Respiratory Syncytial Virus Respiratory syncytial virus (RSV) is the most important respiratory pathogen of infants and young children, in whom it is the predominant cause of bronchiolitis and pneumonia (30,31). Community-based outbreaks occur every winter and spring, and essentially the entire population has serologic evidence of infection by age 3 years. Immunity is short-lived and reinfection can occur annually. Thus, RSV spreads readily to healthcare workers. The disease is mild in previously infected adults, who may be asymptomatic or experience symptoms of the common cold (31). Despite their mild illness, however, infected healthcare workers can serve as a source of infection for pediatric (32,33) and other (27,34, 35, 36 and 37) patients in whom infection may be dangerous.
Hall et al. (32) studied healthcare-associated RSV during a community outbreak and found that 45% of infants hospitalized 1 week or more acquired infection as did 10 of 24 staff members. Indeed, in the absence of effective barrier precautions, 30% to 60% of healthcare workers caring for RSV-infected children acquired infection (38,39).
RSV infection appears to be acquired through inoculation of the eyes or nose by direct and indirect contact with infectious respiratory secretions (31,39). Use by caregivers of eye-nose goggles markedly reduces spread of the disease (38,40), probably by preventing selfinoculation via contaminated hands; others have shown similar benefit through use of gloves and gowns (41) or gloves, gowns, and masks (42). To curtail both direct and indirect contact spread, use of Standard and Contact Precautions is appropriate. As is so often the case, scrupulous hand washing is the key to prevention of infection (see also Chapter 91).
Adenovirus The adenoviruses are responsible for a variety of syndromes: typical upper respiratory infections (e.g., cough, coryza, pharyngitis), particularly of children; febrile acute respiratory disease of military recruits; epidemic keratoconjunctivitis; pharyngoconjunctival fever; and, uncommonly, pneumonia (43). Spread can be explosive, particularly in closed groups, such as military recruits or shipyard workers.
A number of outbreaks of epidemic keratoconjunctivitis have been documented in healthcare facilities. Most often, these outbreaks involve spread to patients exposed to contaminated ophthalmologic equipment or solutions or to a caregiver’s unwashed hands (44, 45, 46, 47, 48, 49, 50, 51 and 52). Healthcare workers have acquired conjunctivitis not only through care of patients with conjunctivitis but also through care of patients with other adenovirus infections such as pneumonia (53) when appropriate isolation precautions were not observed (see also Chapter 90).
Although less common, outbreaks of respiratory disease resulting from adenovirus are more serious. A 1980 outbreak at Children’s Hospital in San Diego, California, involved six patients (of whom four died) as well as 300 (78%) of 383 employees, of whom 15% developed conjunctivitis, 28% diarrhea, and 72% upper respiratory symptoms (53a). The outbreak was terminated by strict isolation, cohorting, furlough of ill employees, and closure to new admissions. A smaller but similar outbreak in a neonatal intensive care nursery resulted in two patient deaths and infection of nine patients and ten staff members (54). An outbreak in a pediatric long-term-care facility resulted in 11 deaths and 28 cases (46% attack rate) among patients; 22% of staff members (23 of 106) acquired illness (55). An outbreak in another pediatric long-term-care facility following infection in one infant spread to involve two staff members and 10 (30%) of 33 patients, of whom two died (56).
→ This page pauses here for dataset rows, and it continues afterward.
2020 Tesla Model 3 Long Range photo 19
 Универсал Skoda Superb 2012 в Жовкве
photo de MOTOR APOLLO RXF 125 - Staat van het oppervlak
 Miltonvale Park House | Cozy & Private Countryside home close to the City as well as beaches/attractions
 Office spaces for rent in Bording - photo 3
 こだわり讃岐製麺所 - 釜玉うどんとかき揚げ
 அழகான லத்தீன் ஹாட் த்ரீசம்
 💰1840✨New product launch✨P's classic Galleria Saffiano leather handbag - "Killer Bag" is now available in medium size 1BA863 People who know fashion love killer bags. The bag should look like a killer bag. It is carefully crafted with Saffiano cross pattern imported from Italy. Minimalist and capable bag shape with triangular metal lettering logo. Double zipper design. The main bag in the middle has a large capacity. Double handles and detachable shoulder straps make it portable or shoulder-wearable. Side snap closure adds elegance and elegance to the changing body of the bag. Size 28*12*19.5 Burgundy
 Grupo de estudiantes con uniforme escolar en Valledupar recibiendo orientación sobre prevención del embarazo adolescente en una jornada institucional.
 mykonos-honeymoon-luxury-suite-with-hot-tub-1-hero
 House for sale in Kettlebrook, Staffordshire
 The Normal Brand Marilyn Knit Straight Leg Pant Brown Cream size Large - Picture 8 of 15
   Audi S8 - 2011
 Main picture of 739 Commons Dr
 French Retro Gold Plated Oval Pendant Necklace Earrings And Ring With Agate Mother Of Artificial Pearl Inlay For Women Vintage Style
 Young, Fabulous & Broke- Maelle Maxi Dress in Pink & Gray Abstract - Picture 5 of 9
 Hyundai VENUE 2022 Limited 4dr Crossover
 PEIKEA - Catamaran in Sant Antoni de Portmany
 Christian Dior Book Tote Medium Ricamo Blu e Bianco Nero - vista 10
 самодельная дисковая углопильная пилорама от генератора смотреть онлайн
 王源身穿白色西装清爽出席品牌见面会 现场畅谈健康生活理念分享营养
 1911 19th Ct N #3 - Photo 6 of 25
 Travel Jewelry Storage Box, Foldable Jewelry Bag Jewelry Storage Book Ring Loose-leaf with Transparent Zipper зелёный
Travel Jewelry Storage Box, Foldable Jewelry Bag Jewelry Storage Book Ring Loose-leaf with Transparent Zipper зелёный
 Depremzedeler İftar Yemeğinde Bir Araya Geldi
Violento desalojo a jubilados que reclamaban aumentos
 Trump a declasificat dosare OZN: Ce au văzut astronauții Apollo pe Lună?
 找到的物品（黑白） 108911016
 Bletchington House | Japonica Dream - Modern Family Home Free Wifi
Although respiratory illness is rarely serious among adults, it may be more severe among residents of longterm-care facilities (27,57). The infection can be fatal among the immunocompromised (58). Serotype 14 has recently emerged and may be associated with more severe respiratory illness, even among the less infirm. An outbreak of severe respiratory disease in a military training facility affected 48% of trainees (551/1147), resulting in 23 hospitalizations (4 requiring admission to an intensive care unit [ICU]) and one death (59).
Good evidence supports the spread of adenovirus by direct contact, indirect contact, droplets, and (predominantly among children) the fecal-oral route. Airborne spread is plausible, but we are not aware of a healthcareassociated outbreak that cannot be explained by contact or droplet spread. Airborne spread does not appear to be necessary to explain epidemics among military recruits (59,60), given their prolonged close contact and the opportunity for droplet spread. Contact Precautions should be used for patients with adenovirus conjunctivitis; Droplet Precautions should be added for those with adenovirus respiratory infection. Environmental decontamination can be difficult, because the adenovirus is unusually hardy; alcohol and chlorhexidine are not reliable agents for disinfection (61). A variety of vaccines have been used with success in the military, but none is available for civilian use (see also Chapter 48).
Rhinovirus and Coronavirus The rhinoviruses and coronaviruses cause the common cold—coryza, with variable cough, and pharyngitis. More than 100 serotypes of
rhinovirus are known (virtually ensuring the opportunity each year to encounter a virus to which one is not yet immune), as well as an as-yet-undetermined number of coronaviruses. Although the rhinoviruses and the usual coronaviruses are virologically distinct, they are clinically and epidemiologically similar enough to be considered together. Widespread community outbreaks caused by these viruses occur every winter, with low-level spread throughout the year. As every parent knows, incidence rates are highest among young children and decline with increasing age among adults (apart from a higher incidence among adults with young children). Schools and homes are the major foci of dissemination (62). Given the ubiquitous opportunities for exposure and the usually benign outcome, healthcare workers may not view the common cold as a target for infection control. The frequency of infection, though, is not trivial. In a prospective analysis of healthcare workers with respiratory illness, nearly 40% were found to be infected with rhinovirus. Of those infected employees, one quarter provided care for high-risk patients (63).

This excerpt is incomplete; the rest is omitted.